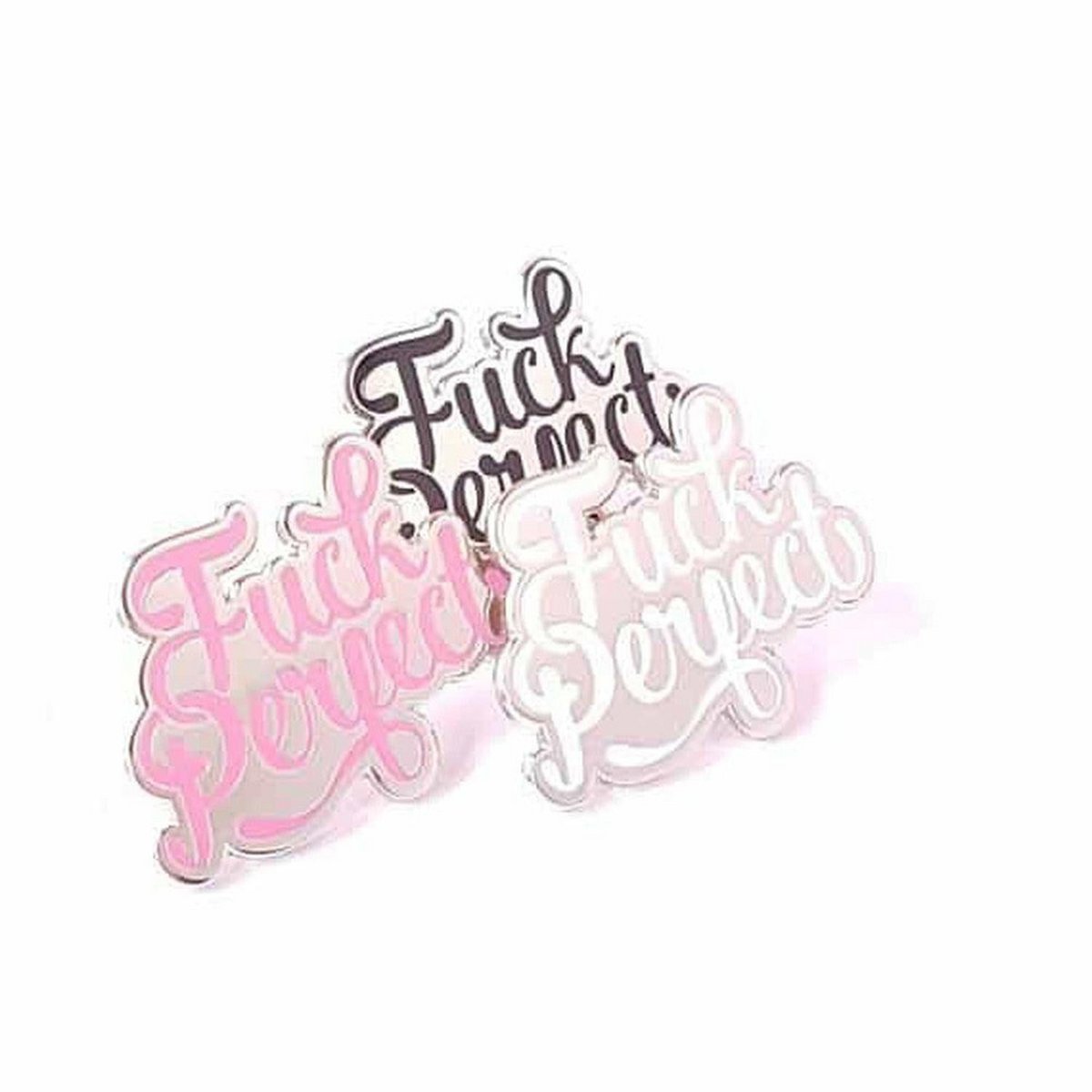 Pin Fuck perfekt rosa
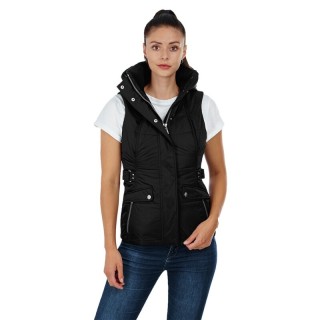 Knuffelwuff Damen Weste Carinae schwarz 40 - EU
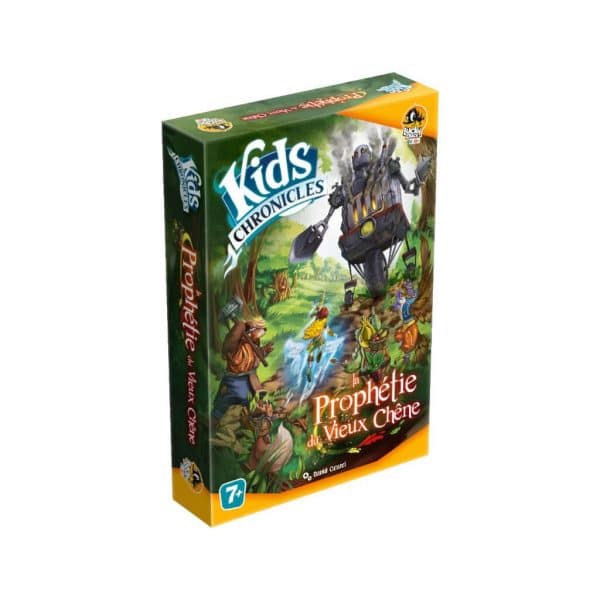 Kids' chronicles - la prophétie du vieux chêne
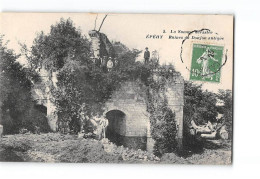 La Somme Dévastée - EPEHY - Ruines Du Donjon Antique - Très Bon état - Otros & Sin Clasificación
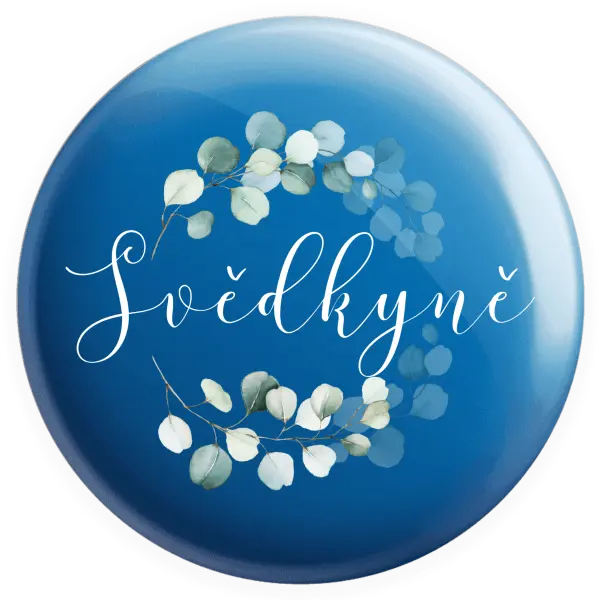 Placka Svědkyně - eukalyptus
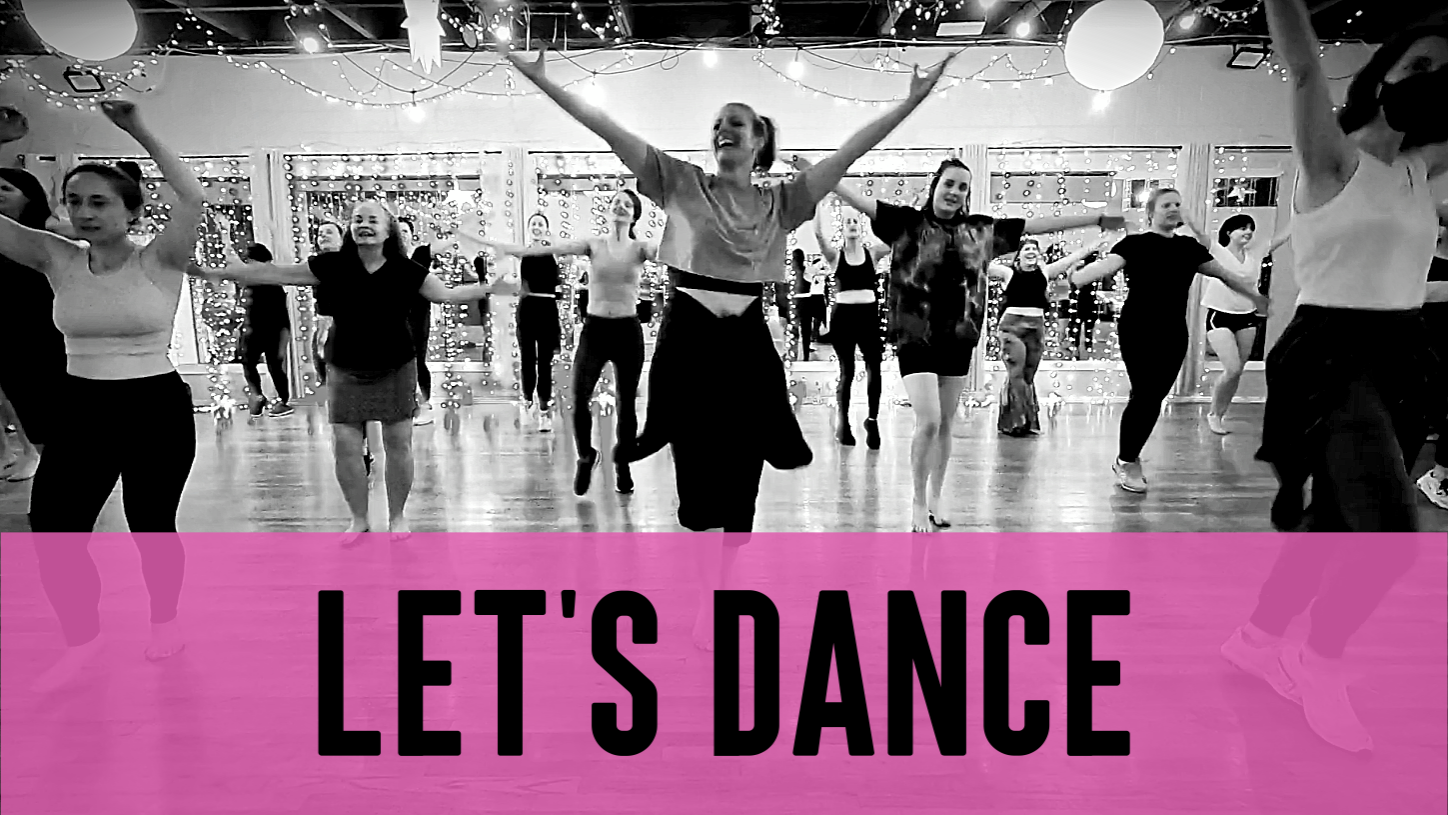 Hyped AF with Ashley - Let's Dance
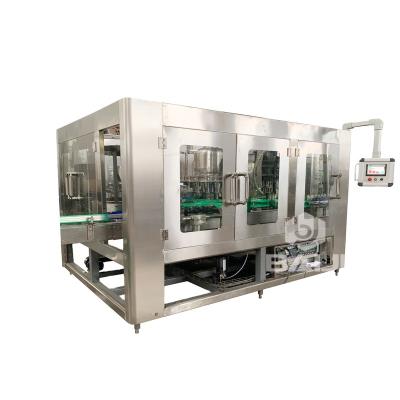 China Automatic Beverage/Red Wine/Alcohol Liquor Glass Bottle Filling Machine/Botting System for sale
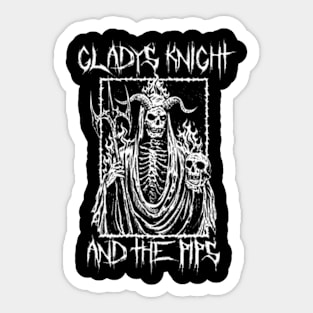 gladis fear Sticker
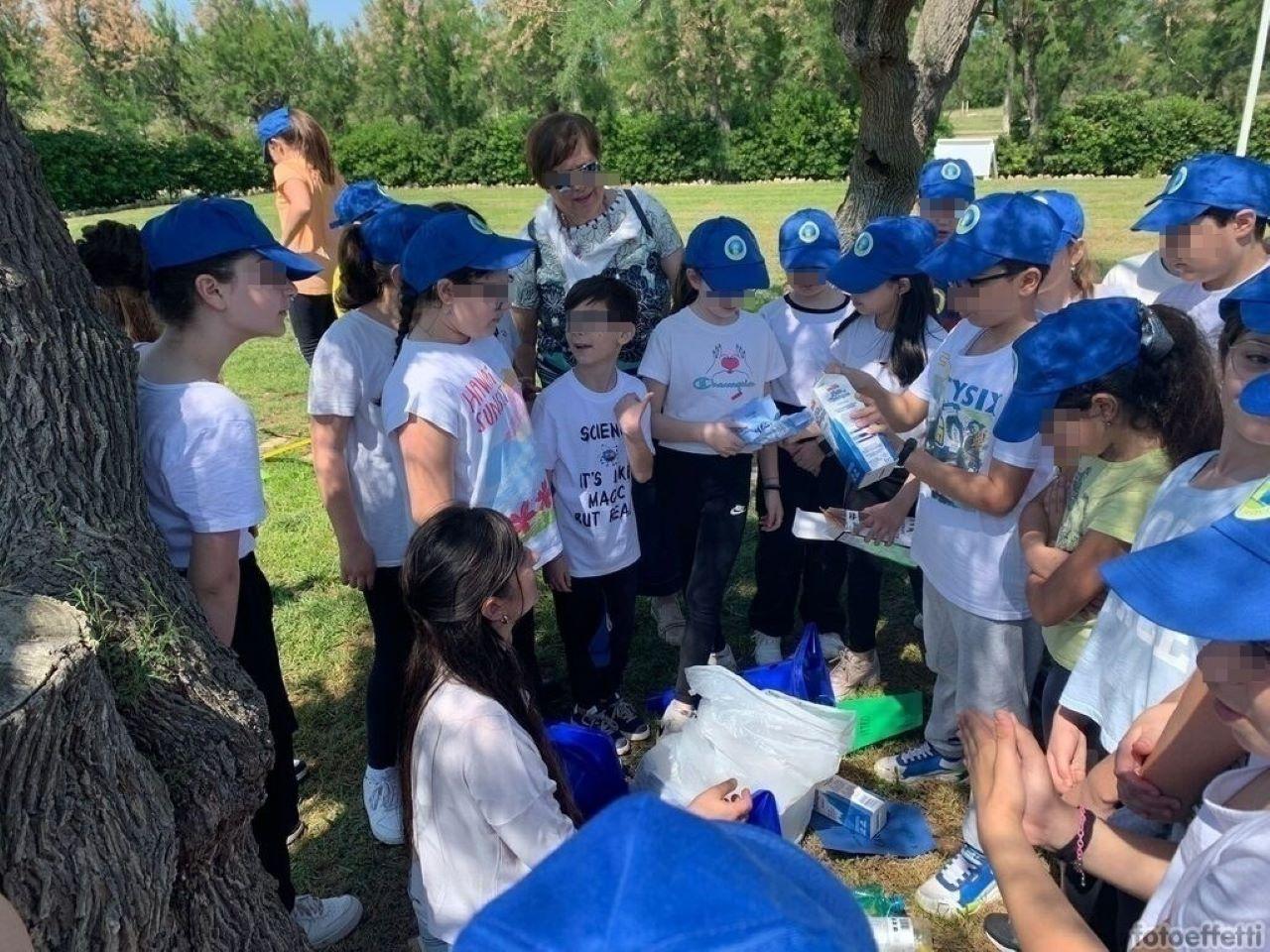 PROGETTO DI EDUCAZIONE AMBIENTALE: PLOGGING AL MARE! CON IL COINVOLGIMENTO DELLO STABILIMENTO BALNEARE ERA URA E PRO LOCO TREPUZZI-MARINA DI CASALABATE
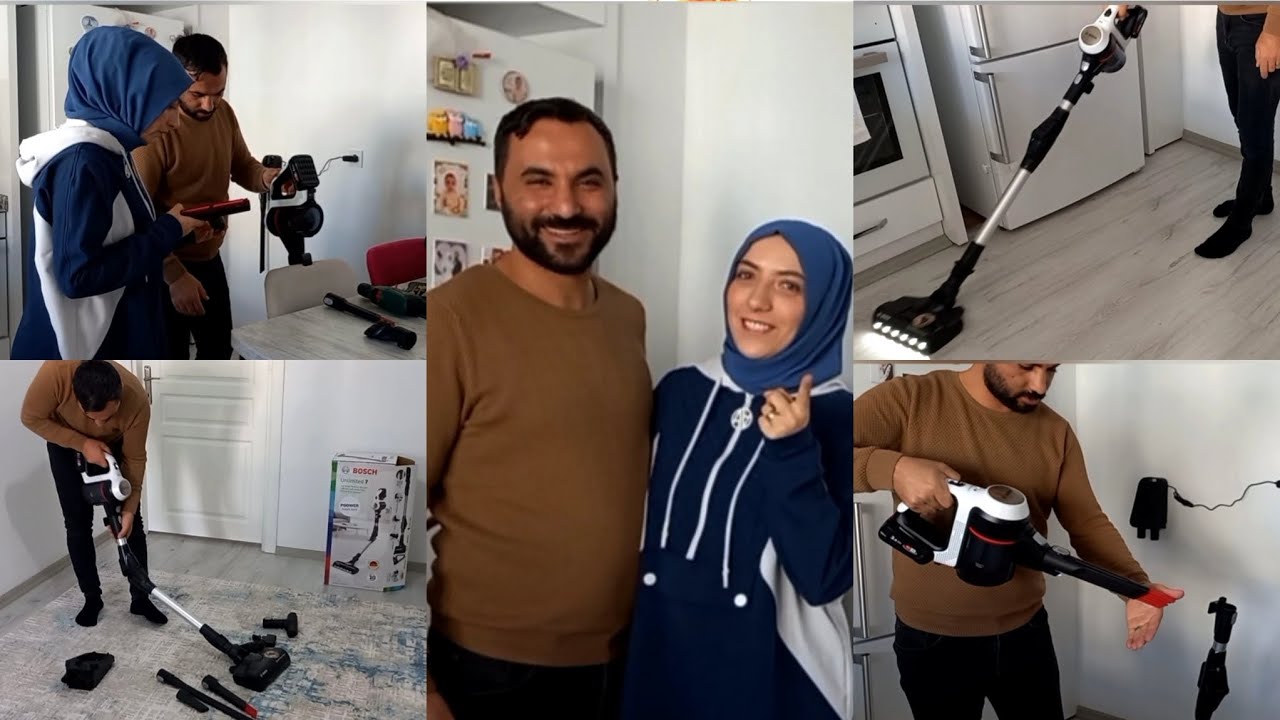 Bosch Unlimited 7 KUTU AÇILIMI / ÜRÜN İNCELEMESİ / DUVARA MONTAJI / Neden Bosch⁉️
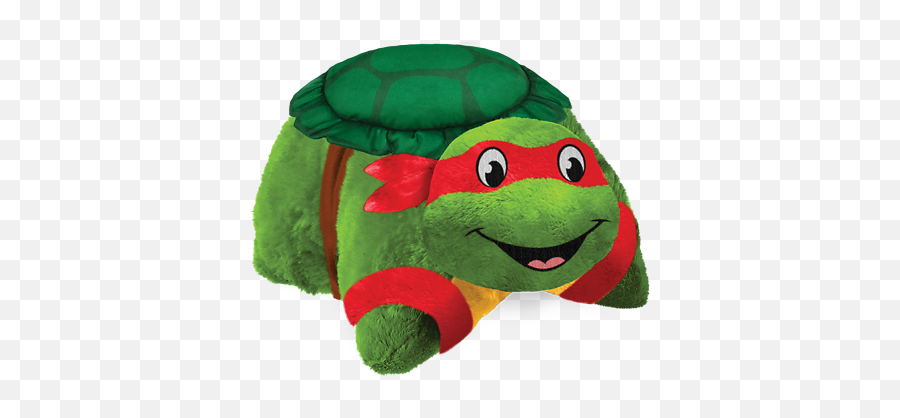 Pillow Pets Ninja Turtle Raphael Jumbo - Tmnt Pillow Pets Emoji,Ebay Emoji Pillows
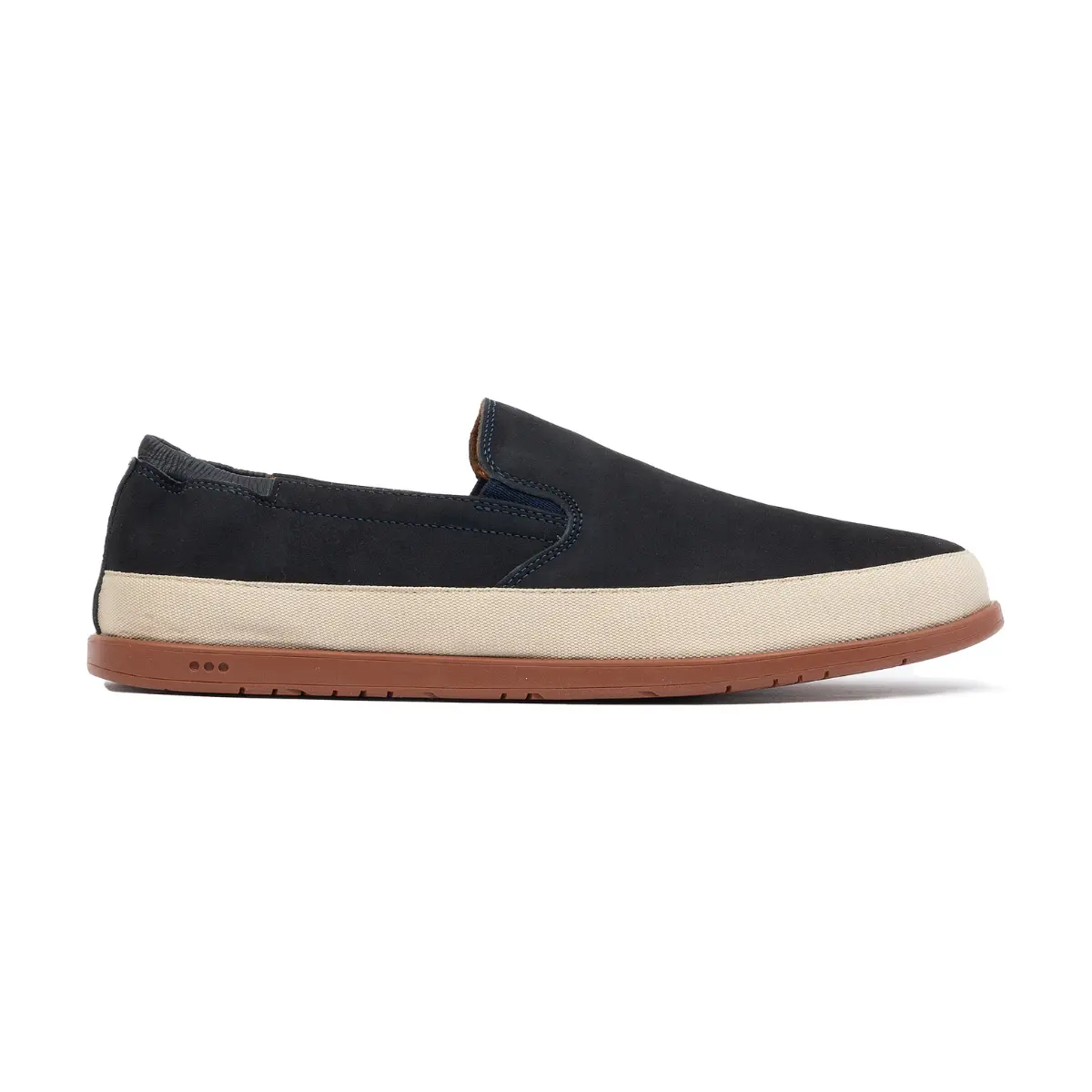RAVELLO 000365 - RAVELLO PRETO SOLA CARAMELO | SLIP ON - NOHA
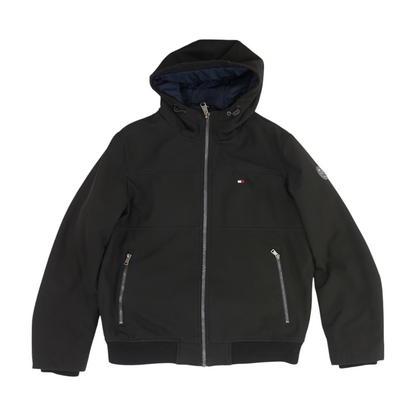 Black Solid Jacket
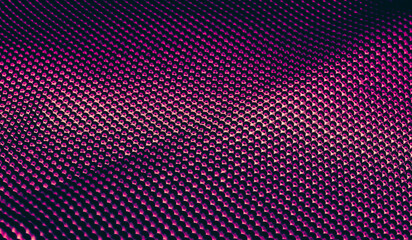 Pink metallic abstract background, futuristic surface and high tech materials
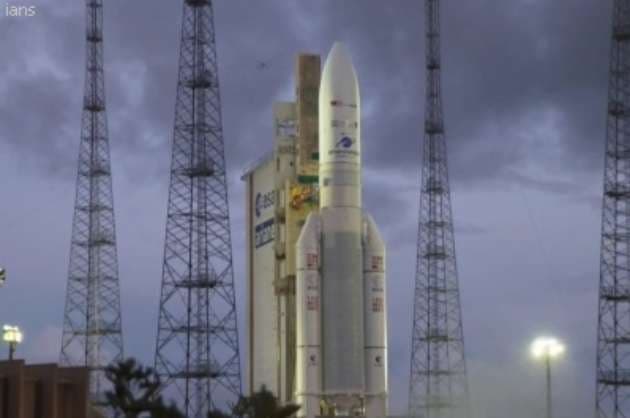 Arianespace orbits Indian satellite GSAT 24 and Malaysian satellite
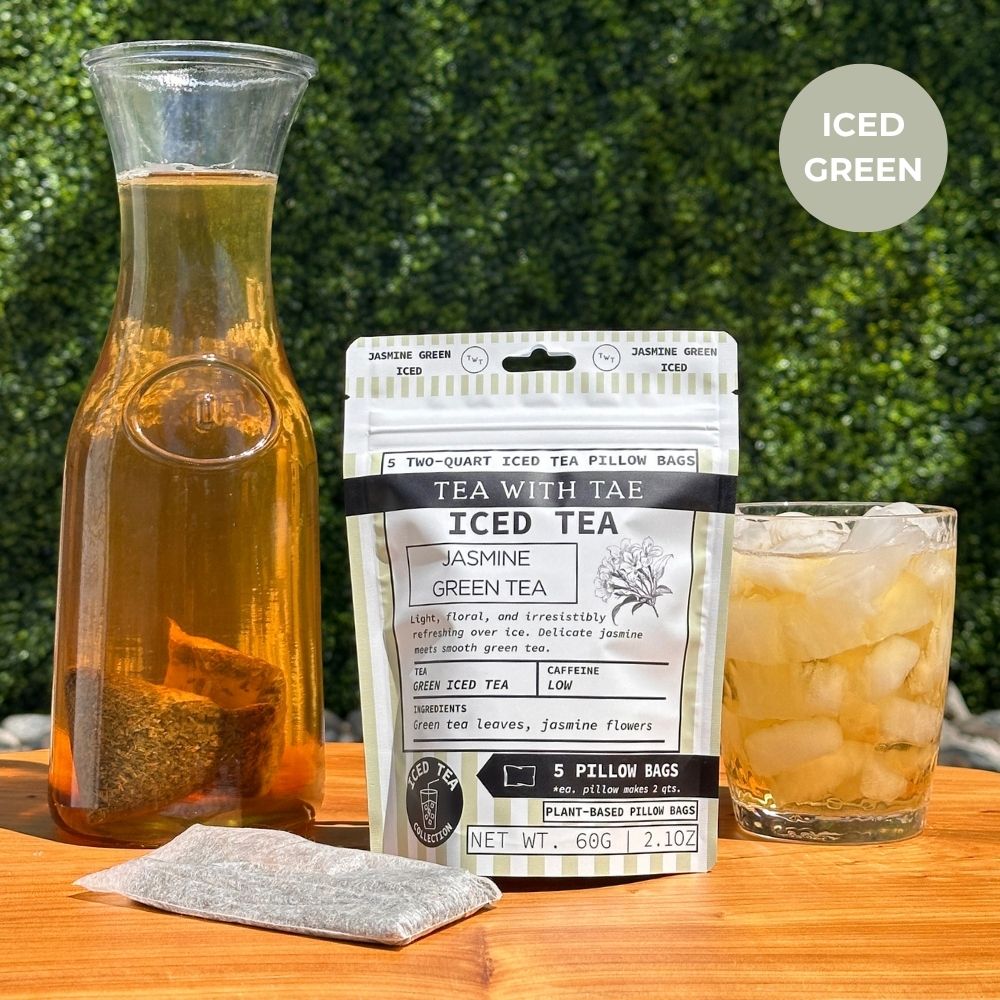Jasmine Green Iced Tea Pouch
------------
--- WHAT TO WORK ON ---
Quote all the lines above exactly as given. Do not include the pictures.

--- TASK OUTPUT ---
 Pin Fuck perfekt rosa
 Knuffelwuff Damen Weste Carinae schwarz 40 - EU
 Kids' chronicles - la prophétie du vieux chêne
 La Somme Dévastée - EPEHY - Ruines Du Donjon Antique - Très Bon état - Otros & Sin Clasificación
 Placka Svědkyně - eukalyptus
 Hyped AF with Ashley - Let's Dance
 China Automatic Beverage/Red Wine/Alcohol Liquor Glass Bottle Filling Machine/Botting System for sale
 gladis fear Sticker
 PROGETTO DI EDUCAZIONE AMBIENTALE: PLOGGING AL MARE! CON IL COINVOLGIMENTO DELLO STABILIMENTO BALNEARE ERA URA E PRO LOCO TREPUZZI-MARINA DI CASALABATE
 Bosch Unlimited 7 KUTU AÇILIMI / ÜRÜN İNCELEMESİ / DUVARA MONTAJI / Neden Bosch⁉️
 Pillow Pets Ninja Turtle Raphael Jumbo - Tmnt Pillow Pets Emoji,Ebay Emoji Pillows
RAVELLO 000365 - RAVELLO PRETO SOLA CARAMELO | SLIP ON - NOHA
 Black Solid Jacket
 Pink metallic abstract background, futuristic surface and high tech materials
 Arianespace orbits Indian satellite GSAT 24 and Malaysian satellite
Jasmine Green Iced Tea Pouch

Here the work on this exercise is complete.